Start of Exercise data
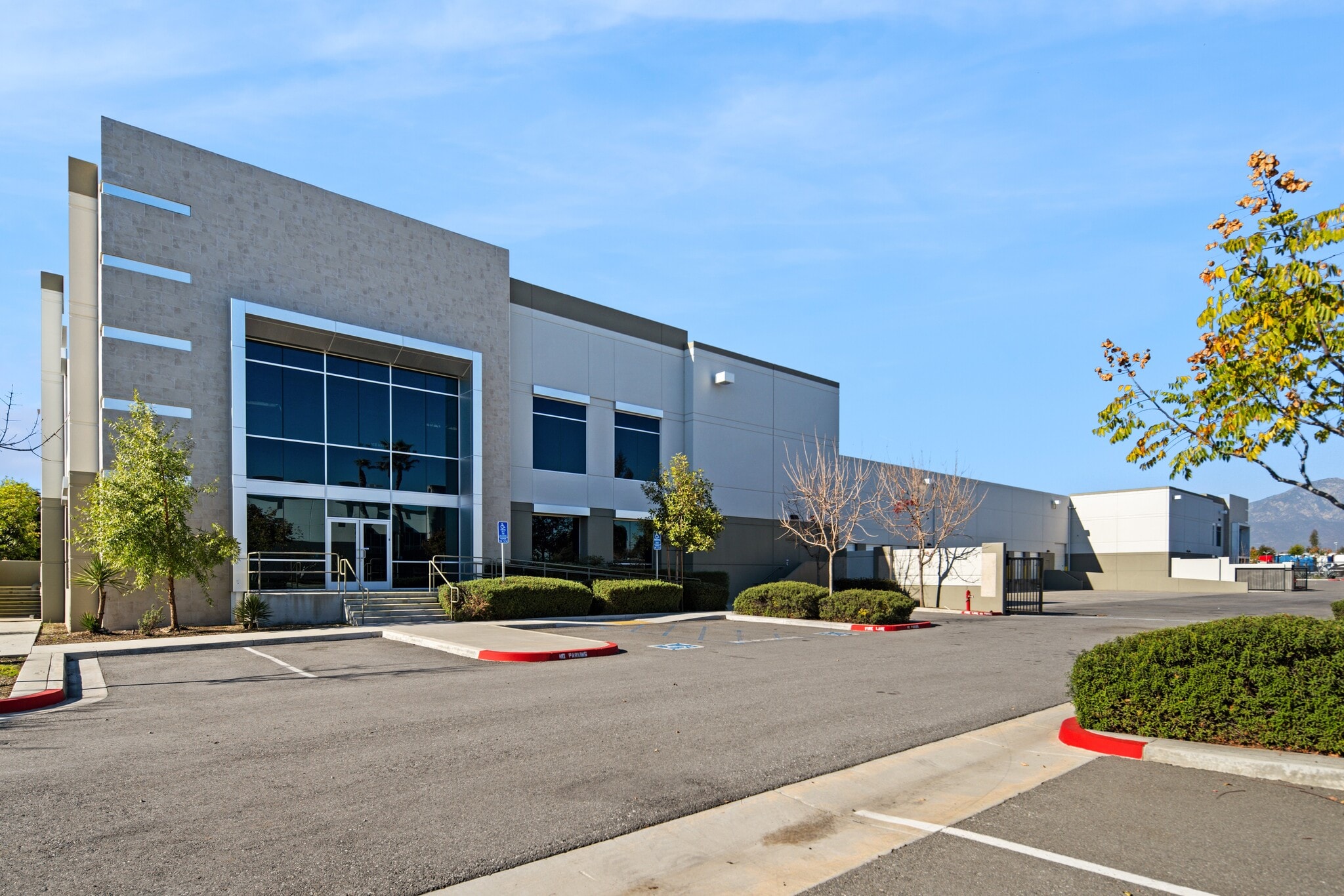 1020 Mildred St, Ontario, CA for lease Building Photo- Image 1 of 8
End of Exercise data
Start of Exercise data
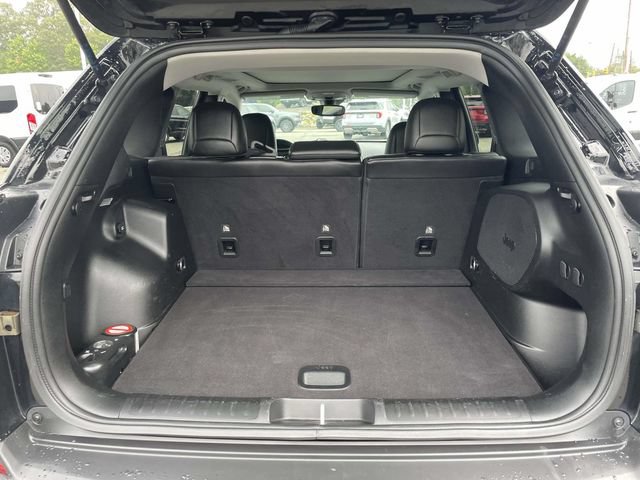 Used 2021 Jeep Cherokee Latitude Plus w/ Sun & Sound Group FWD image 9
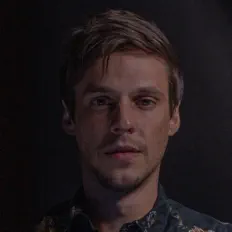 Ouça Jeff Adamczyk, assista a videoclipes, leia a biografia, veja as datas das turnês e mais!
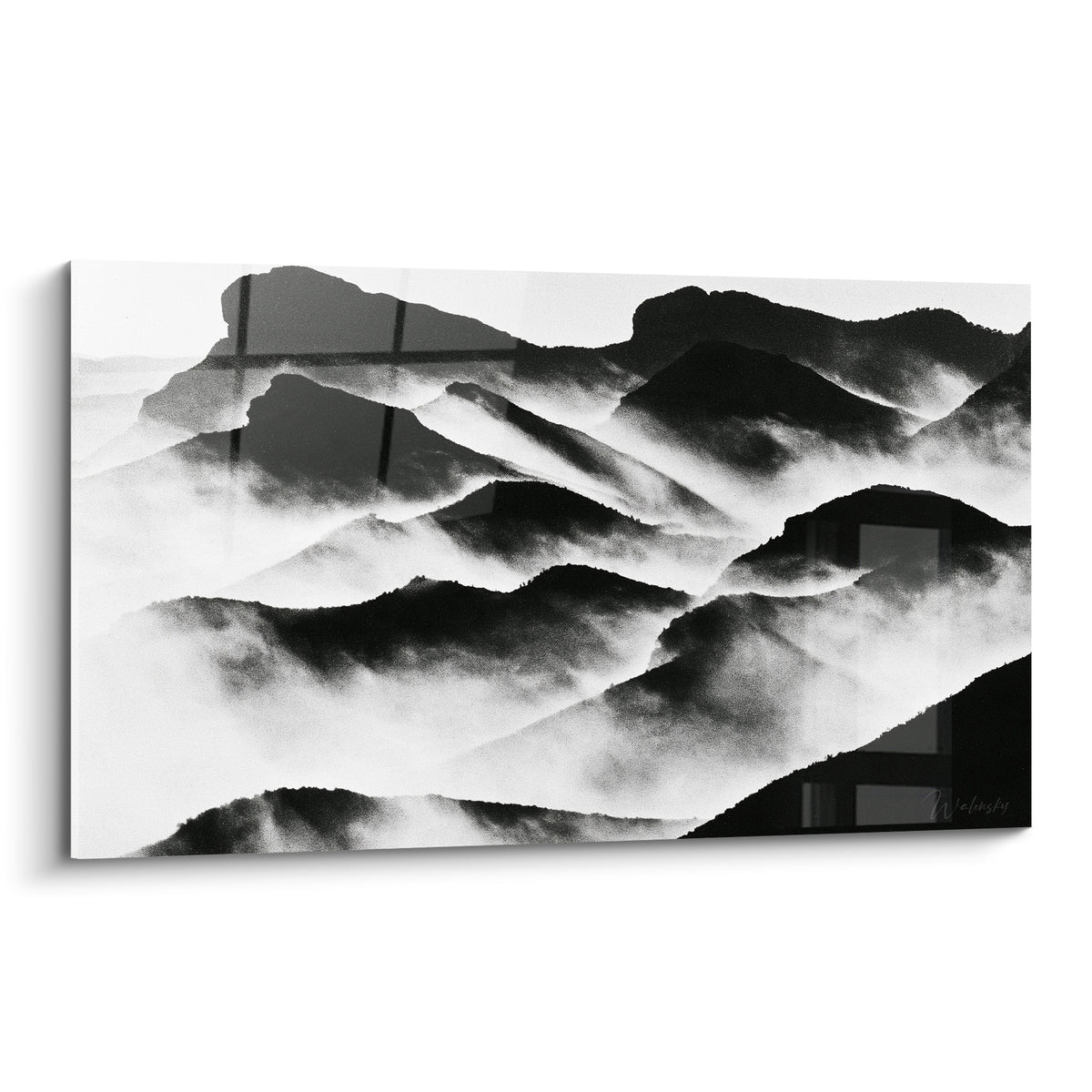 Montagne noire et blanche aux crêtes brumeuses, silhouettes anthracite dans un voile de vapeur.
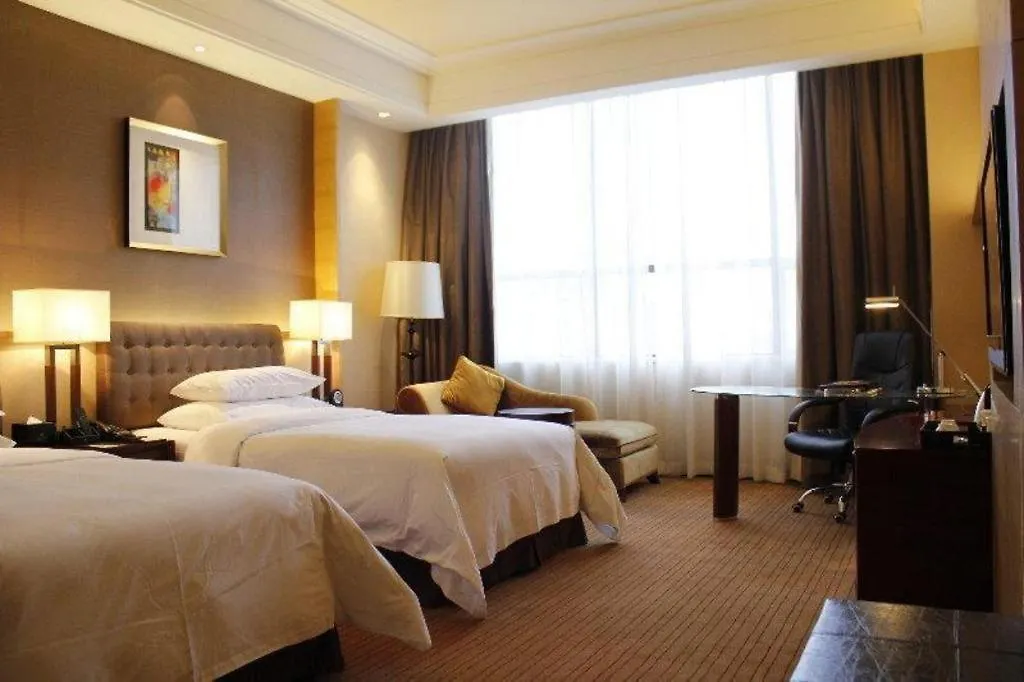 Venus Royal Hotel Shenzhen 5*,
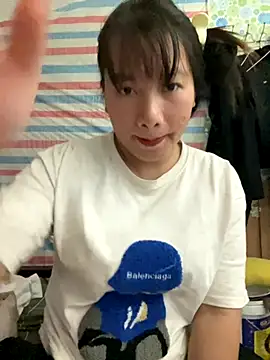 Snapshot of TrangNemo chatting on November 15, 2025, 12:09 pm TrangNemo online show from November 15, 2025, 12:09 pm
End of Exercise data
Start of Exercise data
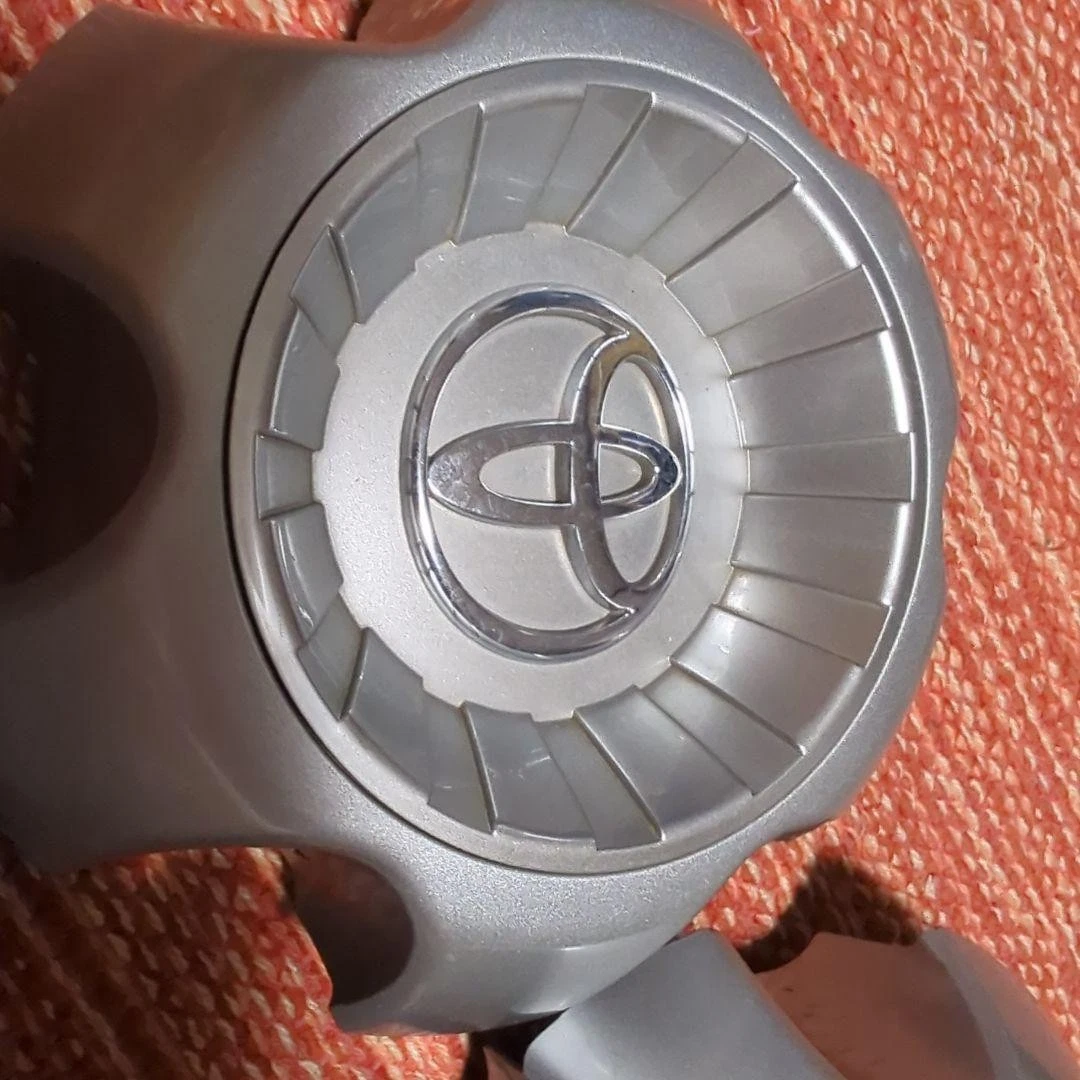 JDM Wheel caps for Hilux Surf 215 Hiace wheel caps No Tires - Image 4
End of Exercise data
Brief: Please copy the lines above exactly, starting at the line that holds "Montagne noire et" and ending at the line that holds "Snapshot of TrangNemo"; include both, but no pictures.

Answer:
 Montagne noire et blanche aux crêtes brumeuses, silhouettes anthracite dans un voile de vapeur.
 Venus Royal Hotel Shenzhen 5*,
 Snapshot of TrangNemo chatting on November 15, 2025, 12:09 pm TrangNemo online show from November 15, 2025, 12:09 pm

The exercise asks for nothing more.